Mrs. Shear nodded. “Oh yes, indeed. They have a movie about the old days of making ice cream, a production room, and even a ‘Flavoroom.’ I think this is just the thing we need to gear up for spring! When you have a year-round business based on a summer staple, you need to always be prepared to think big. Now, girls, put some music on, brainstorm, and see what you can come up with for today!”
Mrs. Shear left the brochure for us to look at and went backstage again to deal with whatever office work had piled up.
Tamiko browsed the brochure, while I put on an upbeat song from my current favorite playlist on my phone.
Allie stared and stared at the chalkboard before finally saying, “What do you guys think of pairing Alice’s Adventures in Wonderland by Lewis Carroll with our Tea and Crumpets flavor? After all, the Mad Hatter tea party scene is pretty famous, and tea is a good drink for a cool spring day.…”
“I love it!” I said, clapping my hands. Allie always came up with the best ideas for book pairings.
Tamiko shook her head sadly. “You’re doing your job, Alley Cat. If only I could do mine. My mind has just been blank lately!

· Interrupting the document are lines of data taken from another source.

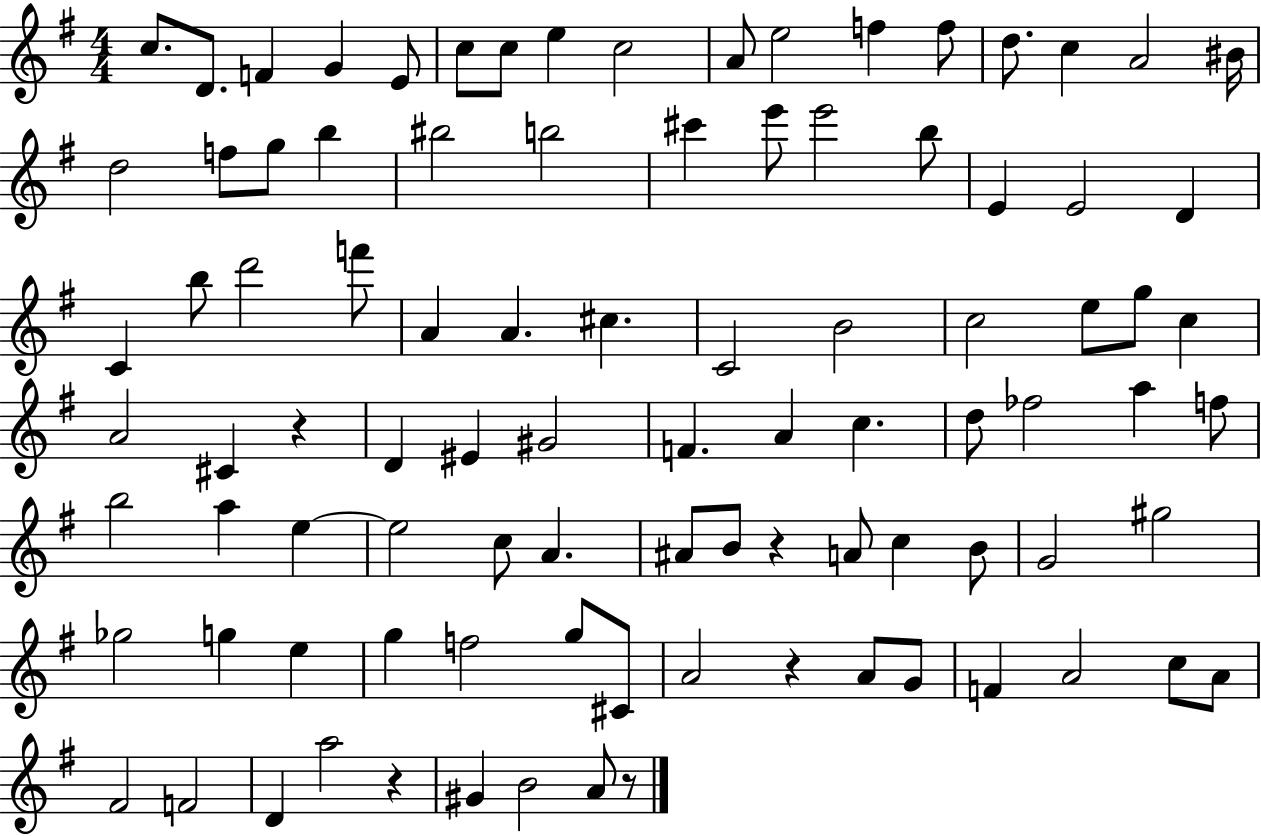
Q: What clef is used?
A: treble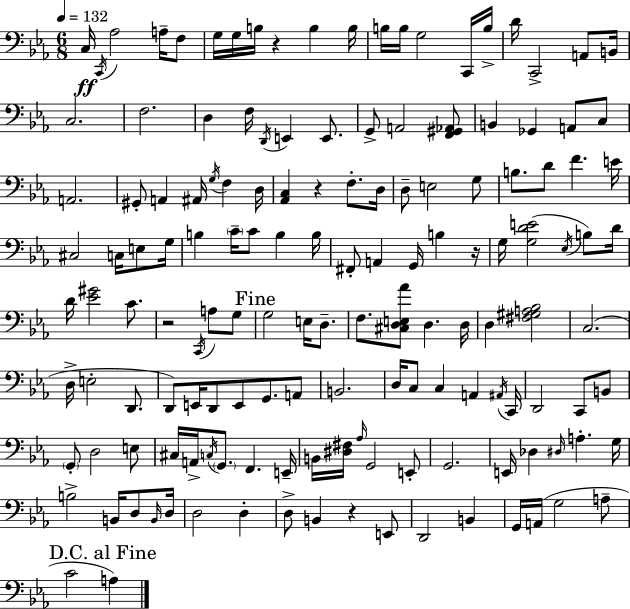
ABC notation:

X:1
T:Untitled
M:6/8
L:1/4
K:Cm
C,/4 C,,/4 _A,2 A,/4 F,/2 G,/4 G,/4 B,/4 z B, B,/4 B,/4 B,/4 G,2 C,,/4 B,/4 D/4 C,,2 A,,/2 B,,/4 C,2 F,2 D, F,/4 D,,/4 E,, E,,/2 G,,/2 A,,2 [F,,^G,,_A,,]/2 B,, _G,, A,,/2 C,/2 A,,2 ^G,,/2 A,, ^A,,/4 G,/4 F, D,/4 [_A,,C,] z F,/2 D,/4 D,/2 E,2 G,/2 B,/2 D/2 F E/4 ^C,2 C,/4 E,/2 G,/4 B, C/4 C/2 B, B,/4 ^F,,/2 A,, G,,/4 B, z/4 G,/4 [G,DE]2 _E,/4 B,/2 D/4 D/4 [_E^G]2 C/2 z2 C,,/4 A,/2 G,/2 G,2 E,/4 D,/2 F,/2 [^C,D,E,_A]/2 D, D,/4 D, [^F,^G,A,_B,]2 C,2 D,/4 E,2 D,,/2 D,,/2 E,,/4 D,,/2 E,,/2 G,,/2 A,,/2 B,,2 D,/4 C,/2 C, A,, ^A,,/4 C,,/4 D,,2 C,,/2 B,,/2 G,,/2 D,2 E,/2 ^C,/4 A,,/4 C,/4 G,,/2 F,, E,,/4 B,,/4 [^D,^F,]/4 _A,/4 G,,2 E,,/2 G,,2 E,,/4 _D, ^D,/4 A, G,/4 B,2 B,,/4 D,/2 B,,/4 D,/4 D,2 D, D,/2 B,, z E,,/2 D,,2 B,, G,,/4 A,,/4 G,2 A,/2 C2 A,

I promise—I’m going to do better, or my name isn’t ‘Tamiko Sato’!”
I wrapped my arm around Tamiko’s shoulder and gave her a squeeze. “Knowing you, you’ll have five fabulous new ideas before tomorrow. Don’t worry. We’re a team! And we’ve got our factory tour to look forward to. We’ll get tons of new ideas!”
Tamiko nodded, but I could tell she still felt bad. Recently Tamiko had gone through a bit of a braggy phase, thinking she was the queen of just about everything—art, schoolwork, our jobs at Molly’s. She’d ended up hurting her brother in the process, and since then she had been more subdued than usual. I was ready for the old outrageous and outlandish (but not braggy!) Tamiko to make her return.
“We’re going to come up with something new and fabulous, or we’re not the Sprinkle Sundays sisters,” I said. I wrapped my other arm around Allie and pulled them both to me. “Get ready for greatness!”